Exercise material:
◇ ◇ ◇ ◇ ◇ ◇ ◇
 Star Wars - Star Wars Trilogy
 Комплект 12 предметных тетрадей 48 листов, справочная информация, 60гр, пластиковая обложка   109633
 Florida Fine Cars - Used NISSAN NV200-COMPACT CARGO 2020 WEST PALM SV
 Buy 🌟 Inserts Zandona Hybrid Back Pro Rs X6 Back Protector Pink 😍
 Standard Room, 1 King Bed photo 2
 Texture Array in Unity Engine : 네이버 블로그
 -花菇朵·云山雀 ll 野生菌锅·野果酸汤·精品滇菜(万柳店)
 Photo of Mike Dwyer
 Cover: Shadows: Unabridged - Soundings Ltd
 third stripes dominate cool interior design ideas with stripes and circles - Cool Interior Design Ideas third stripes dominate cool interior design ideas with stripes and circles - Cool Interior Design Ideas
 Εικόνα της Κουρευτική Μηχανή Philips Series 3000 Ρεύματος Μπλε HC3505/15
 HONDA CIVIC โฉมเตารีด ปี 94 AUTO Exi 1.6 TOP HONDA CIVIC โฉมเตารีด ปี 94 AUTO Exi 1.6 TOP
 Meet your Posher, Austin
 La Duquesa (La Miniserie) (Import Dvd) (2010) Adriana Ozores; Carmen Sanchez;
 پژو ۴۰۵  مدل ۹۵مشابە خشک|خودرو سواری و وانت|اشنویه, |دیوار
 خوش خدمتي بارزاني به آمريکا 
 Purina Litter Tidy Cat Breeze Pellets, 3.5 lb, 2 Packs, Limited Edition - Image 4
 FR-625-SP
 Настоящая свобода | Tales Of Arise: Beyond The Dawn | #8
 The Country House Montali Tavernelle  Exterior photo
◇ ◇ ◇ ◇ ◇ ◇ ◇
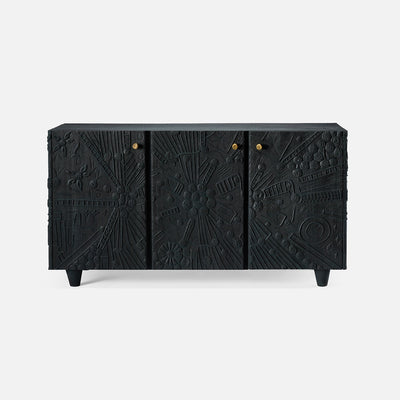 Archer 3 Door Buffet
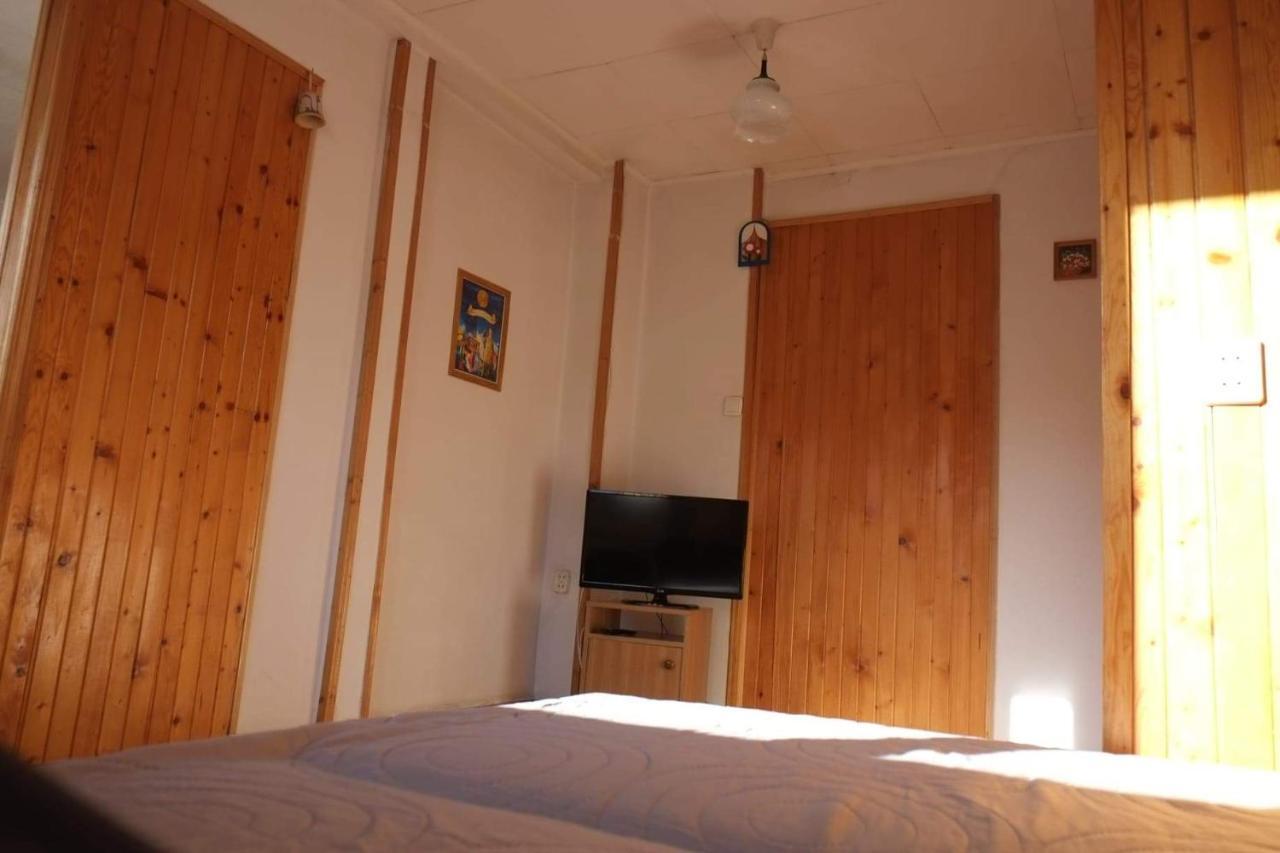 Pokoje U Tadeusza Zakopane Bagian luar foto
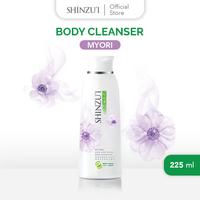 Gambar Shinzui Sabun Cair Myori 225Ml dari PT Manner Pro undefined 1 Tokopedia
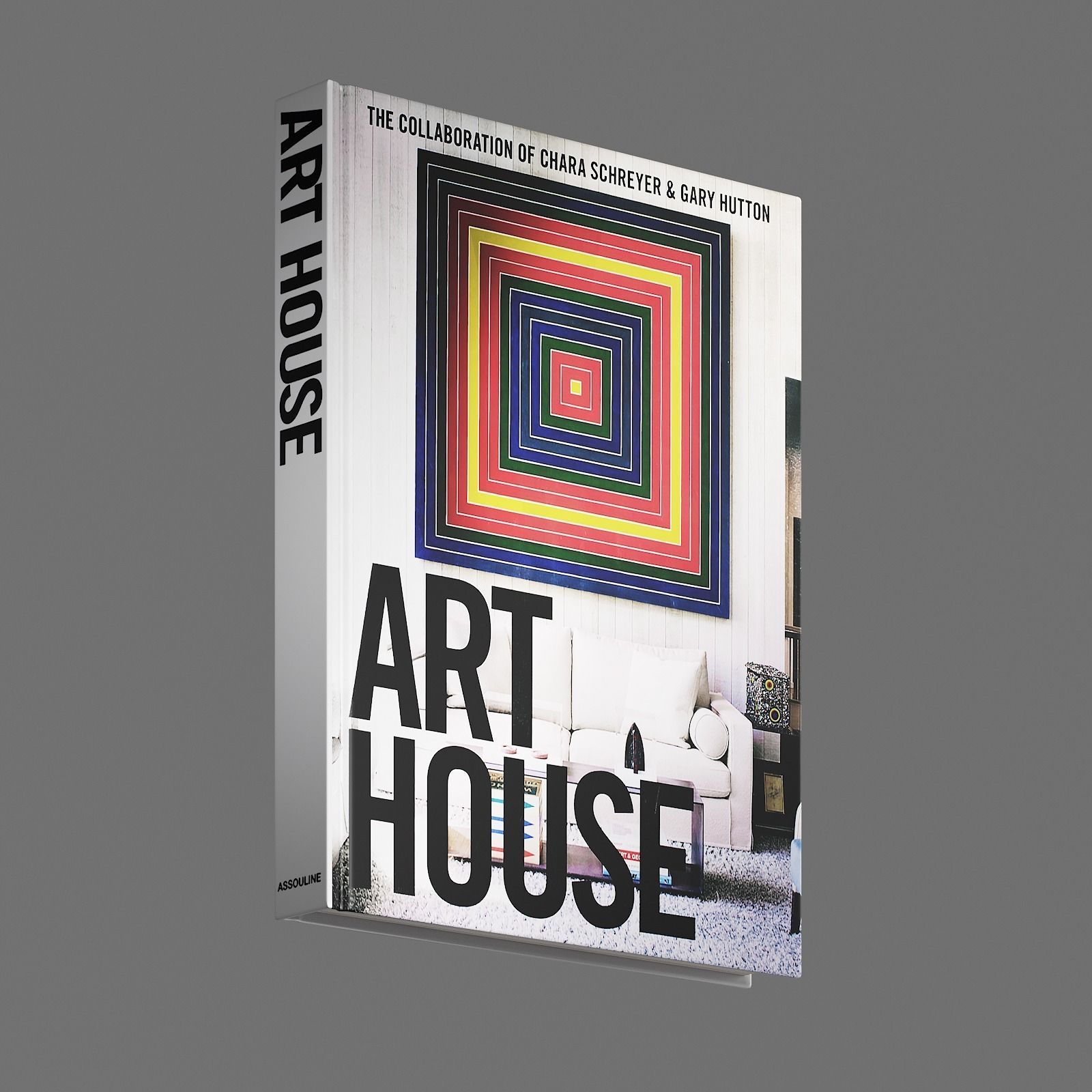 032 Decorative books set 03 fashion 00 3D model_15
◇ ◇ ◇ ◇ ◇ ◇ ◇
To do: Within the data above, the lines from the one with "و وانت|اشنویه, |دیوار" to the one with "The Country House" must be repeated exactly; no other line belongs in the answer.

Task output:
 پژو ۴۰۵  مدل ۹۵مشابە خشک|خودرو سواری و وانت|اشنویه, |دیوار
 خوش خدمتي بارزاني به آمريکا 
 Purina Litter Tidy Cat Breeze Pellets, 3.5 lb, 2 Packs, Limited Edition - Image 4
 FR-625-SP
 Настоящая свобода | Tales Of Arise: Beyond The Dawn | #8
 The Country House Montali Tavernelle  Exterior photo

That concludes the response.